In the entries below, find the line with "Romantische Blume Brautparty" and the line with "serene atmosphere. A". Return those two lines and all lines between them, exactly.

[Opening Data listing section]

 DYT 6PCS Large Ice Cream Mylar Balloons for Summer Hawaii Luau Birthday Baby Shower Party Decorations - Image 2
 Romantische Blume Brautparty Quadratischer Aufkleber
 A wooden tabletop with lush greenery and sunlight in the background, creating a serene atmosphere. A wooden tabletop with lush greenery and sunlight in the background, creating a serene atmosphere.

[Closing Data listing section]
[Opening Data listing section]

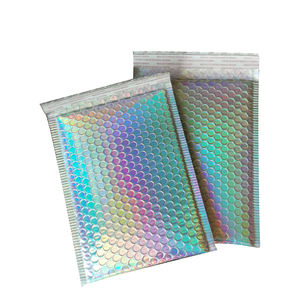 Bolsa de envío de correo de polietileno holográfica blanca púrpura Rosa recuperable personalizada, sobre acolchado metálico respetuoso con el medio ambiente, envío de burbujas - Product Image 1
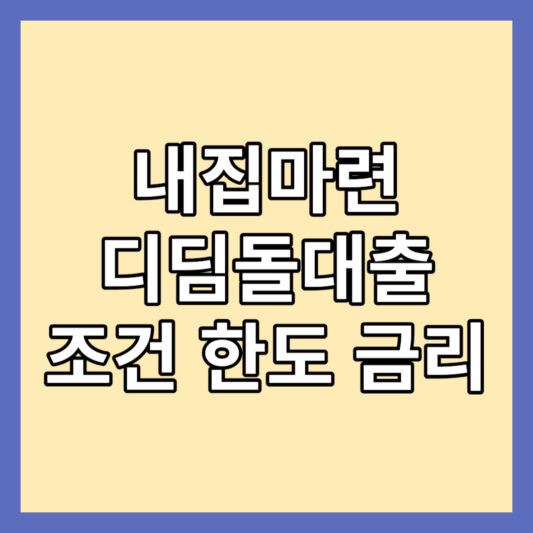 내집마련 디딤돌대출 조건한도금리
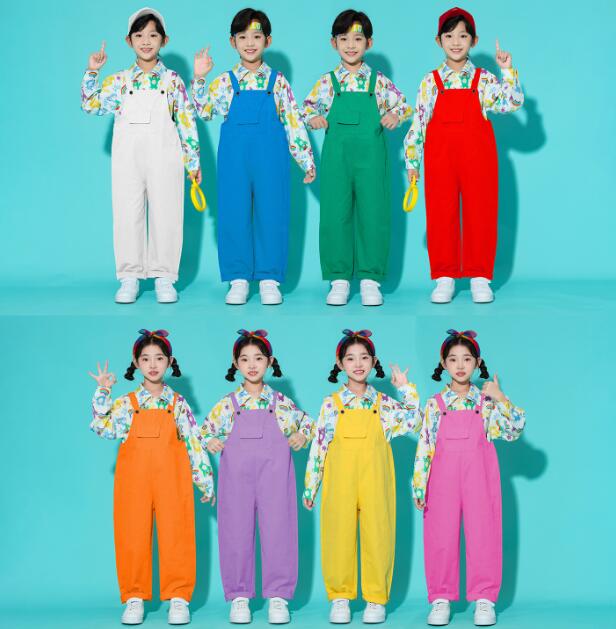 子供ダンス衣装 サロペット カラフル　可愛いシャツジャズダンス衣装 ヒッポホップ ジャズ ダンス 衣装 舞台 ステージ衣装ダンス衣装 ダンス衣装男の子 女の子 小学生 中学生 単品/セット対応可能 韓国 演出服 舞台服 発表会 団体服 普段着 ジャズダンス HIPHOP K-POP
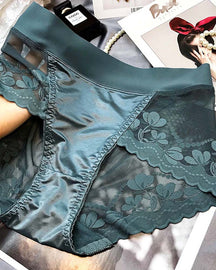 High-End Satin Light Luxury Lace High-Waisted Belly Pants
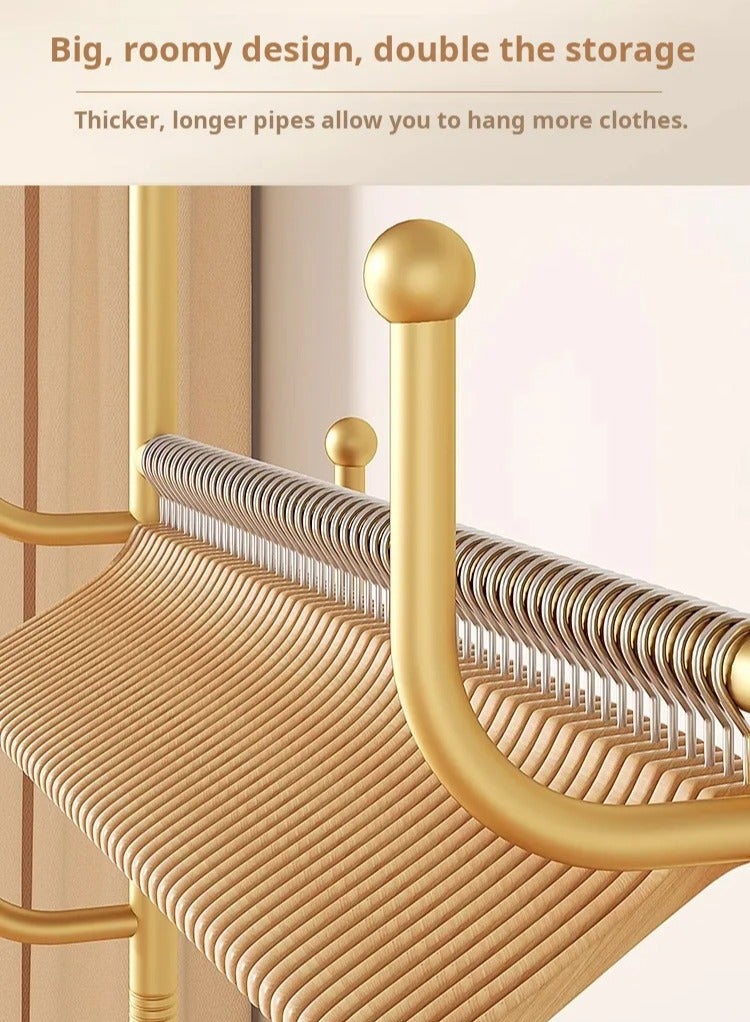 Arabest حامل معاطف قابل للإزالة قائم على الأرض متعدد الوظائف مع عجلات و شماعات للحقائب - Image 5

[Closing Data listing section]

* _Written answer_:
 Romantische Blume Brautparty Quadratischer Aufkleber
 A wooden tabletop with lush greenery and sunlight in the background, creating a serene atmosphere. A wooden tabletop with lush greenery and sunlight in the background, creating a serene atmosphere.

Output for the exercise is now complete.